X. Compliance Inspection
A. For the purposes of determining or securing compliance with this
Final Judgment, or of determining whether the Final Judgment should be
modified or vacated, and subject to any legally recognized privilege,
from time to time authorized representatives of the United States
Department of Justice, including consultants and other persons retained
by the United States, shall, upon written request of an authorized
representative of the Assistant Attorney General in charge of the
Antitrust Division, and on reasonable notice to defendants, be
permitted:
1. Access during defendants' office hours to inspect and copy,
or at the option of the United States, to require defendants to
provide hard or electronic copies of, all books, ledgers, accounts,
records, data and documents in the possession, custody, or control
of defendants, relating to any matters contained in this Final
Judgment; and
2. To interview, either informally or on the record, defendants'
officers, employees, or agents, who may have their individual
counsel present, regarding such matters.

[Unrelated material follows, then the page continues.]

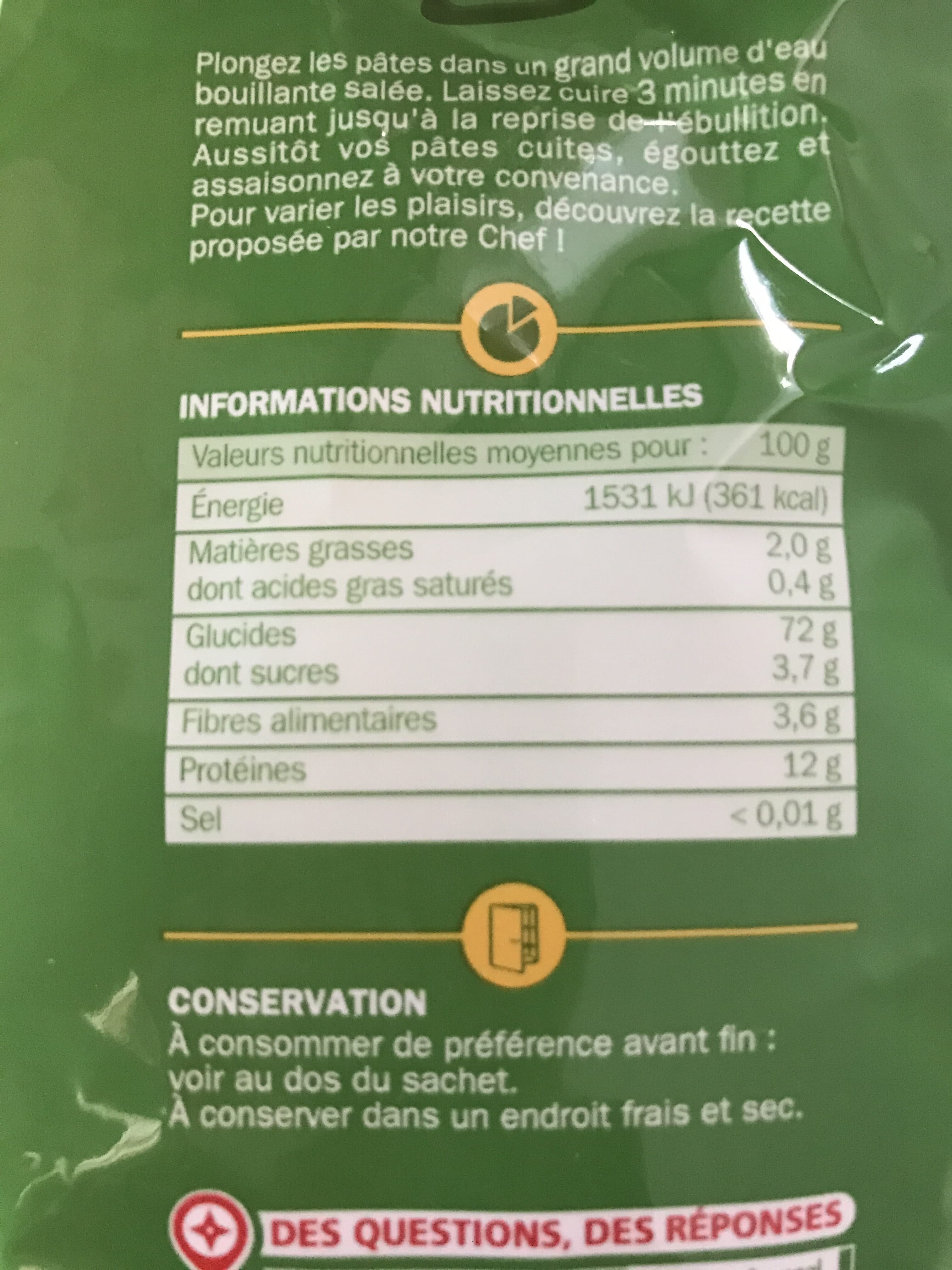 Marque Repère Penne cuisson rapide packshot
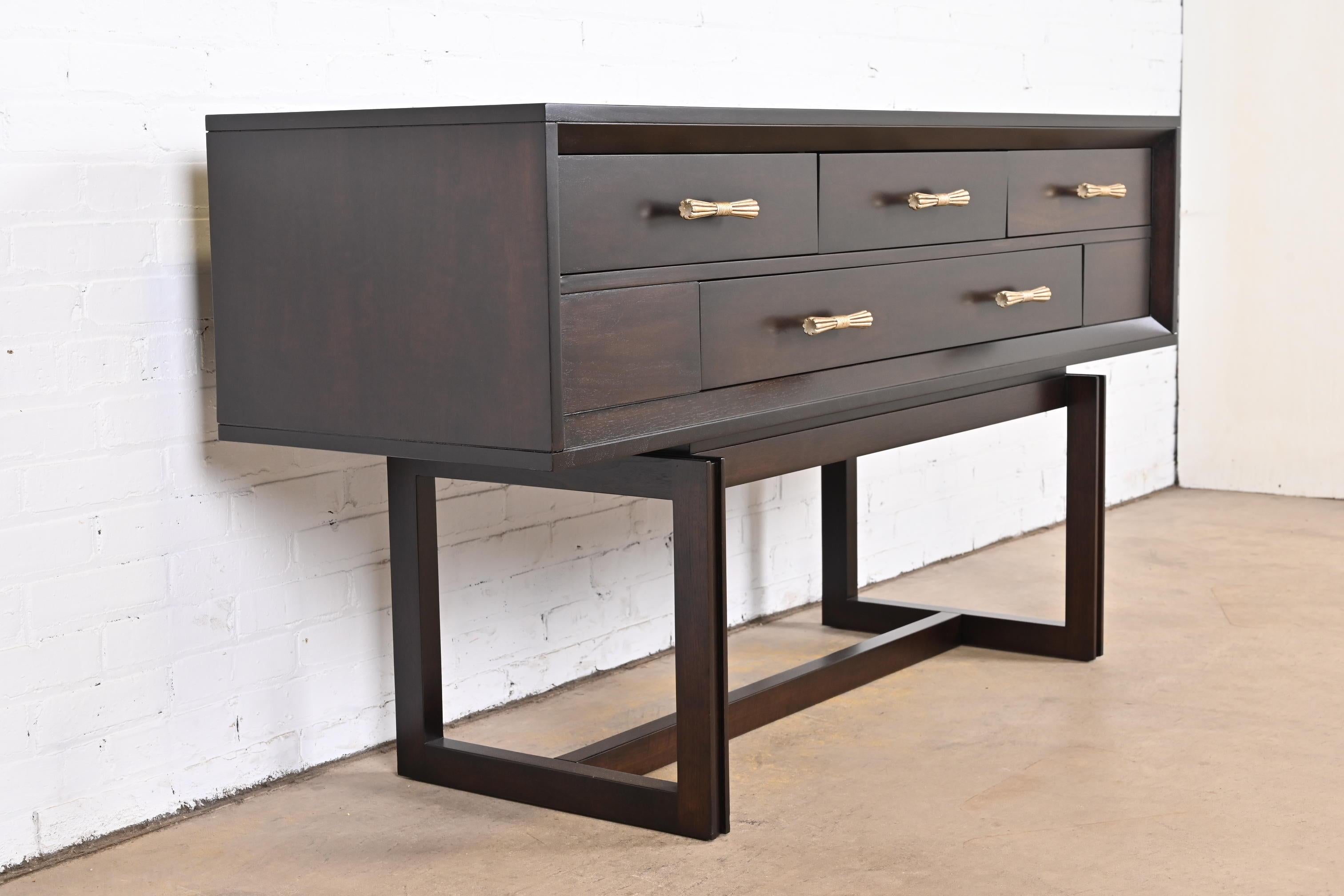 Contemporary Bill Sofield for Baker Furniture Modern Mahogany Sideboard Credenza, Refinished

The interviews shall be
subject to the reasonable convenience of the interviewee and without
restraint or interference by defendant.
B. Upon the written request of an authorized representative of the
Assistant Attorney General in charge of the Antitrust Division,
defendants shall submit written reports or responses to written
interrogatories, under oath if requested, relating to any of the
matters contained in this Final Judgment as may be requested.
C. No information or documents obtained by the means provided in
this section shall be divulged by the United States to any person other
than an authorized representative of the executive branch of the United
States, except in the course of legal proceedings to which the United
States is a party (including grand jury proceedings), or for the
purpose of securing compliance with this Final Judgment, or as
otherwise required by law.
D. If, at the time information or documents are furnished by
defendants to the United States, defendants represent and identify in
writing the material in any such information or documents to which a
claim of protection may be asserted under Rule 26(c)(7) of the Federal
Rules of Civil Procedure, and defendants mark each pertinent page of
such material, ``Subject to claim of protection under Rule 26(c)(7) of
the Federal Rules of Civil Procedure,'' then the United States shall
give defendants ten (10) calendar days notice prior to divulging such
material in any legal proceeding (other than a grand jury proceeding).
XI. No Reacquisition
Defendants may not reacquire any part of the Divestiture Assets
during the term of this Final Judgment.
XII. Retention of Jurisdiction
This Court retains jurisdiction to enable any party to this Final
Judgment to apply to this Court at any time for further orders and
directions as may be necessary or appropriate to carry out or construe
this Final Judgment, to modify any of its provisions, to enforce
[[Page 68188]]
compliance, and to punish violations of its provisions.
XIII. Expiration of Final Judgment
Unless this Court grants an extension, this Final Judgment shall
expire ten years from the date of its entry.
XIV. Public Interest Determination
Entry of this Final Judgment is in the public interest. The parties
have complied with the requirements of the Antitrust Procedures and
Penalties Act, 15 U.S.C. 16, including making copies available to the
public of this Final Judgment, the Competitive Impact Statement, and
any comments thereon and the United States's responses to comments.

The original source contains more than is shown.